A prospective multicentre single-arm phase 3 imaging trial assessed the diagnostic accuracy of 18F-DCFPyL PSMA-PET/CT compared to mpMRI for detecting prostate cancer (PCa) in patients with clinical suspicion for PCa (1). The study included 236 patients, with 184 undergoing biopsy, and found that the diagnostic accuracy of mpMRI for detecting PCa (AUC 0.76; 95% CI 0.69, 0.82) was higher than that of PSMA-PET/CT (AUC 0.63; 95% CI 0.56, 0.70, p = 0.03). However, the combination of PSMA-PET/CT and mpMRI showed excellent sensitivity (98.8%, 95% CI 93.5%, 100%) and NPV (96%, 95% CI 79.6%, 99.9%) over mpMRI alone.

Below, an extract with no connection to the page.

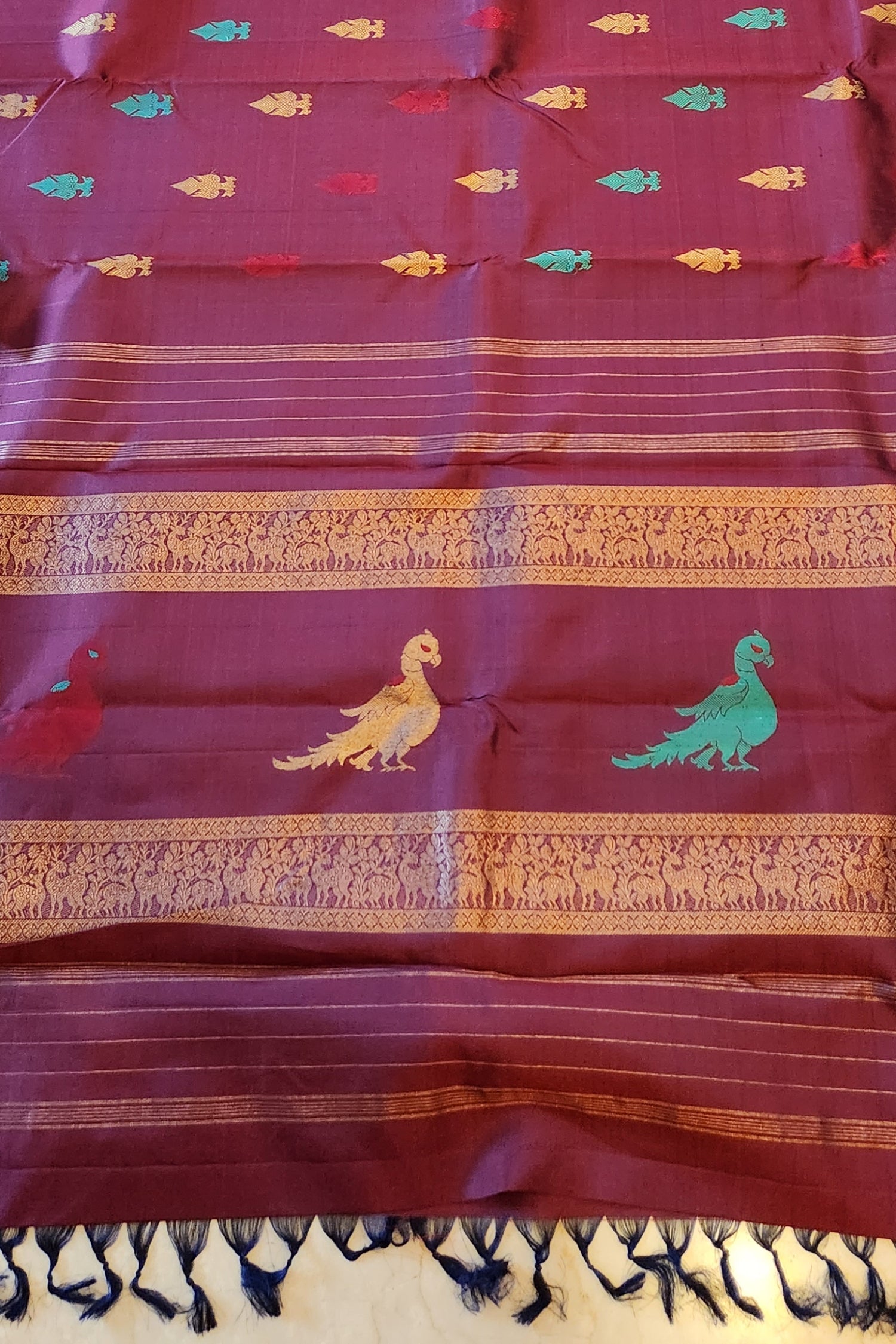 IRUTHALAYI - Pure Zari Handwoven Kanjivaram Silk Saree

The study concluded that mpMRI had superior diagnostic accuracy for detecting PCa, but the combination of mpMRI and PSMA-PET/CT improved sensitivity and NPV, suggesting that PSMA-PET/CT could be considered for diagnostic use in patients unable to have mpMRI or those with negative mpMRI but concerning clinical features.

Reference

Wong LM, Sutherland T, Perry E, Tran V, Spelman T, Corcoran N, Lawrentschuk N, Woo H, Lenaghan D, Buchan N, Bax K, Symons J, Saeed Goolam A, Chalasani V, Hegarty J, Thomas L, Christov A, Ng M, Khanani H, Lee SF, Taubman K, Tarlinton L. Fluorine-18-labelled Prostate-specific Membrane Antigen Positron Emission Tomography/Computed Tomography or Magnetic Resonance Imaging to Diagnose and Localise Prostate Cancer. A Prospective Single-arm Paired Comparison (PEDAL). Eur Urol Oncol. 2024 Jan 27:S2588-9311(24)00026-9. doi: 10.1016/j.euo.2024.01.002. Epub ahead of print. PMID: 38281891.

Hepatocellular carcinoma

A phase II randomized study investigated the effect of neoadjuvant transcatheter arterial chemoembolization (TACE) plus surgery versus surgery alone in 60 patients with hepatocellular carcinoma >5 cm and found that the 2-year disease-free survival (DFS), overall survival, and resection rates for TACE + surgery were 56.7%, 80.0%, and 93.3%, respectively, compared to 56.1%, 89.9%, and 90.0% for surgery alone (1). The median necrosis rate by TACE was 90.0%, and in cases of 100% necrosis with TACE, 2-year DFS was 100%. The study, conducted by the Clinical Study Group of Osaka University, Hepato-Biliary-Pancreatic Group, demonstrated that neoadjuvant TACE did not significantly improve 2-year DFS but allowed for the delay of surgical treatment without increased morbidity and cancer progress. Clinical trial registration: UMIN: 000005241.

Reference

Kobayashi S, Tomokuni A, Takeda Y, Wada H, Katsura Y, Hashimoto K, Tomimaru Y, Asaoka T, Yamada T, Tsujie M, Noda T, Morita S, Nagano H, Mori M, Doki Y, Eguchi H; Clinical Study Group of Osaka University, Hepato-Biliary-Pancreatic Group. Exploratory prospective, randomized phase II study of neoadjuvant transcatheter arterial chemoembolization plus surgery versus surgery alone for large hepatocellular carcinoma (CSGO-HBP-005): Clinical Study Group of Osaka University, Hepato-Biliary-Pancreatic Group. Hepatol Res. 2024 Jan 27. doi: 10.1111/hepr.14013. Epub ahead of print. PMID: 38279693.